* [How to complete this task] Write out again the lines from the line with "Raxwell 圆盘设备状态牌-五区B款，直径150mm，高精亚克力带强磁和3M背胶，RSSI0098 售卖规格：1个" up to and including the line with "如何根据行业特点为公司命名提高辨识度", exactly as they stand below, and skip any picture.

* [Records]
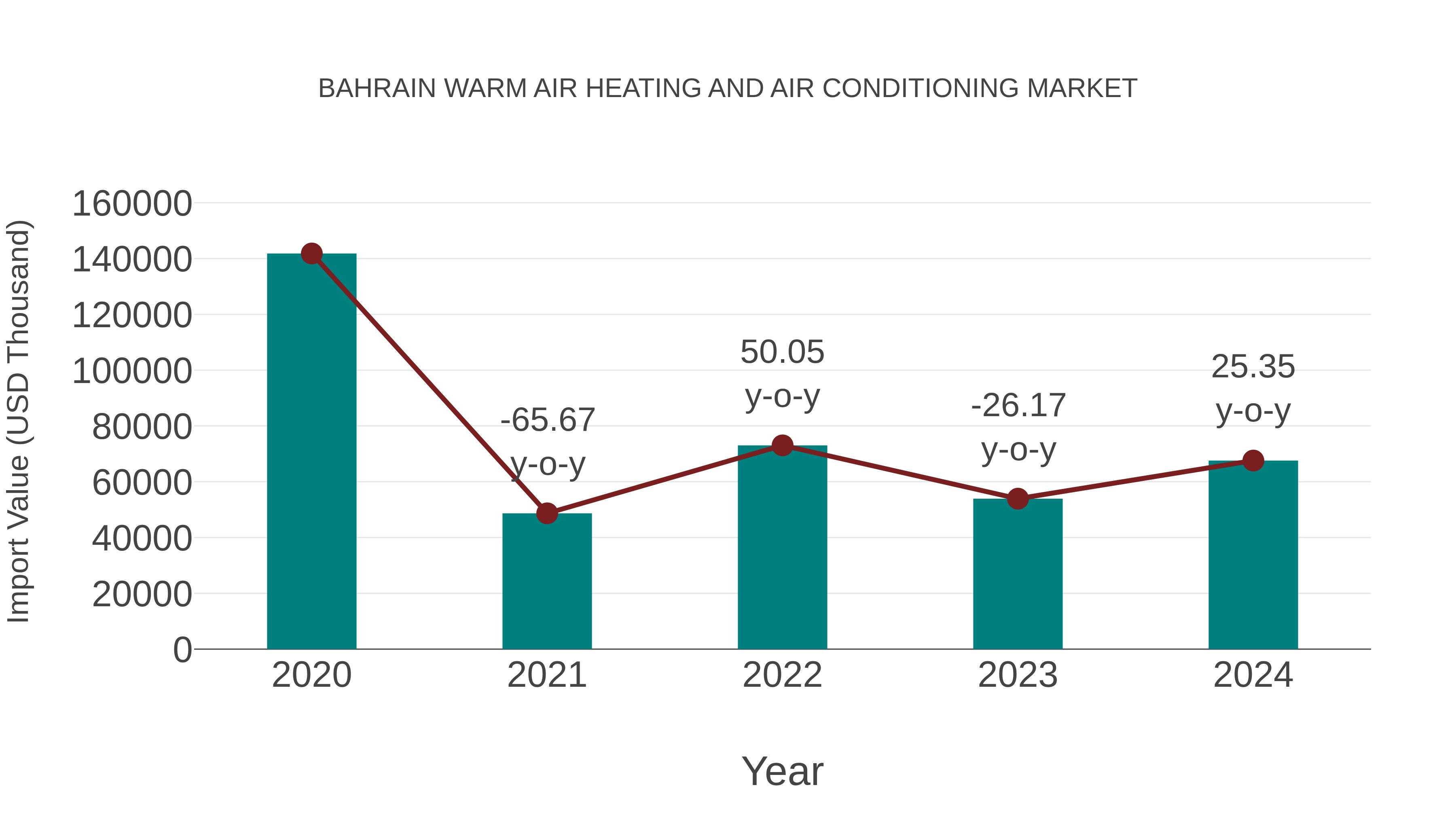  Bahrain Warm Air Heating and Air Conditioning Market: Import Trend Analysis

...

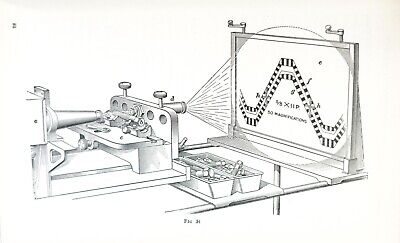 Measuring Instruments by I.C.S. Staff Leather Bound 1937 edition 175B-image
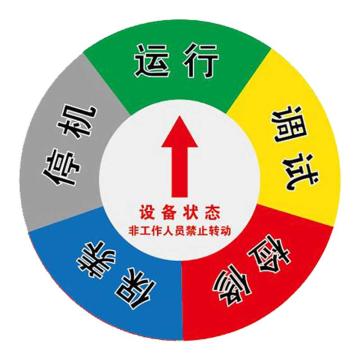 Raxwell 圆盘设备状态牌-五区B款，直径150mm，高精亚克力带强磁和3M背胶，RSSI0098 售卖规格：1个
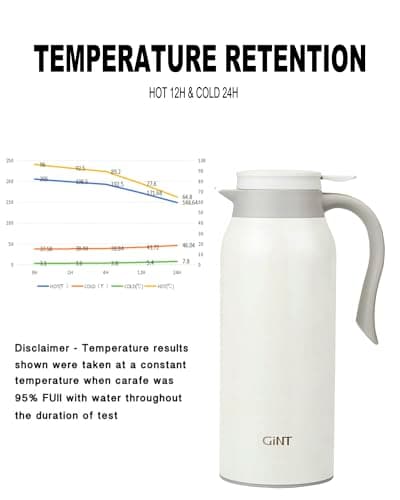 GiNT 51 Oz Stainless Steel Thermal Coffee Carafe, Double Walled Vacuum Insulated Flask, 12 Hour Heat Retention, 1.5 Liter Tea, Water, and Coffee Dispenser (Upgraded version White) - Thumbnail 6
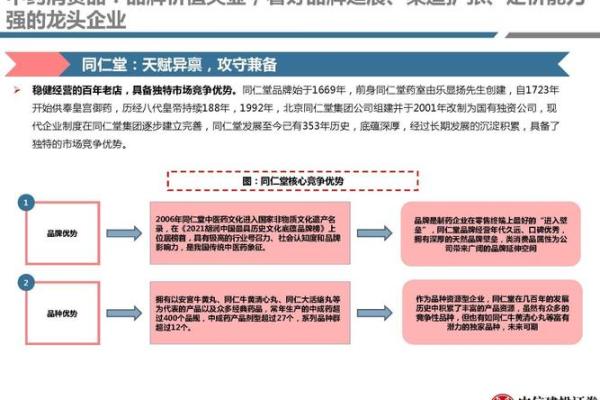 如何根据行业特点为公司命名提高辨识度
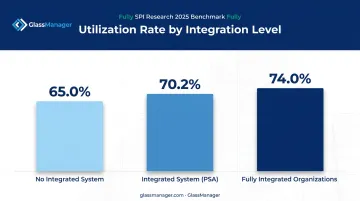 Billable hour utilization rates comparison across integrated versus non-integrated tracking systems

* [Written response]
 Raxwell 圆盘设备状态牌-五区B款，直径150mm，高精亚克力带强磁和3M背胶，RSSI0098 售卖规格：1个
 GiNT 51 Oz Stainless Steel Thermal Coffee Carafe, Double Walled Vacuum Insulated Flask, 12 Hour Heat Retention, 1.5 Liter Tea, Water, and Coffee Dispenser (Upgraded version White) - Thumbnail 6
 如何根据行业特点为公司命名提高辨识度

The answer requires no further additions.